Under the Constitution, the
federal government is allocated a few specific responsibilities,
the most important of which is to secure our nation’s borders
and protect our citizens from foreign attack. It does not
diminish the guilt of the perpetrators of the September 11th
assault to observe that the success of that terrorist strike
represents a failure on the part of our federal government to
carry out its most important role. That failure is now being
invoked to justify lifting the constitutional restraints upon
the central government’s power. Even more ominously, we are
being told that the present crisis can only be dealt with in the
framework of "collective security," as administered by
the United Nations and its subsidiary bodies.
Following the 1995 Oklahoma City
Bombing, then-Congressman Charles Schumer told a reporter that
new restrictions on freedom would be necessary in order to deal
with the threat of terrorism. After all, he insisted, "in
wartime, it's different than peacetime. In terrorism time, it's
different than peacetime." It’s hardly surprising that
those sentiments would be expressed by Schumer, a fervent
advocate of "gun control" and federal surveillance of
"right wing" domestic dissidents. It might be
considered surprising, however, to see even more expansively
statist views being expressed by the Deseret News of Salt
Lake City, Utah, a reliably pro-Republican newspaper.
"Americans need to rally
around President Bush and the federal government," declared
a September 14th Deseret News house editorial. "Some
Utahns have become almost consumed in recent years with their
distrust of Washington and various federal agencies. That must
be put aside for now…. Utahns of every stripe ought to be
ready to respond to whatever their president asks."

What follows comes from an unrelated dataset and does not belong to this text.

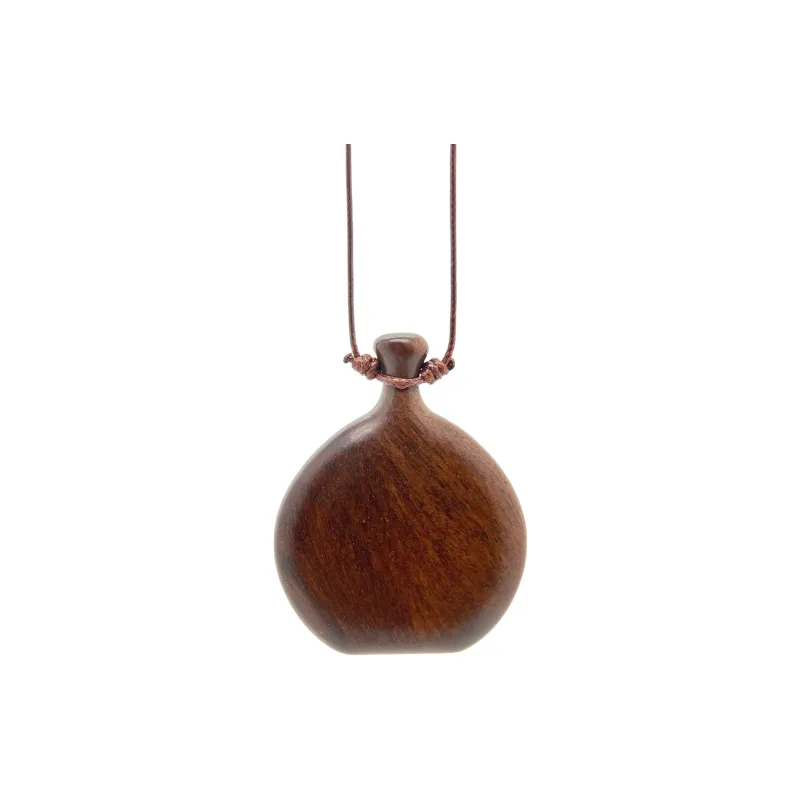 Mountains And Jade Seas Sandalwood Wooden Necklaces Unisex-1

If one assumes that the most
important task before us is to punish the guilty, rather than to
prevent further assaults upon our country, then it might make
sense to embrace a vision of president as war dictator, and to
suppress criticism of our central government. But under
the Constitution’s mandate to "provide for the common
defense," our most urgent task is to take immediate steps
to protect the citizenry. Finding and annihilating the foreign
enemies who attacked our country, while necessary, will do
little to enhance our national security in the long run unless
the failed foreign and security policies that led to the
disaster of September 11th are changed.
Within hours of the September
11th attack, congressional leaders of both parties emphasized
their unanimous and unlimited support for the President. On
September 14th the Congress passed – with one single negative
vote – a joint resolution to "authorize the use of the
United States Armed Forces against those responsible for the
recent attacks against the United States." That resolution
cited the War Powers Resolution, not the constitutional
provision for a congressional declaration of war. Further,
Congress chose not to approve a joint resolution introduced by
Congressman Bob Barr that contained an explicit declaration of
war.
In brief, Congress – as it did
in 1965 with the Gulf of Tonkin Resolution – ignored its
constitutional role, choosing to ratify the President’s
decision to commit our nation to war, rather than re-asserting
its authority to declare war.
Indeed, the Bush administration
has behaved as if congressional approval were a mere formality.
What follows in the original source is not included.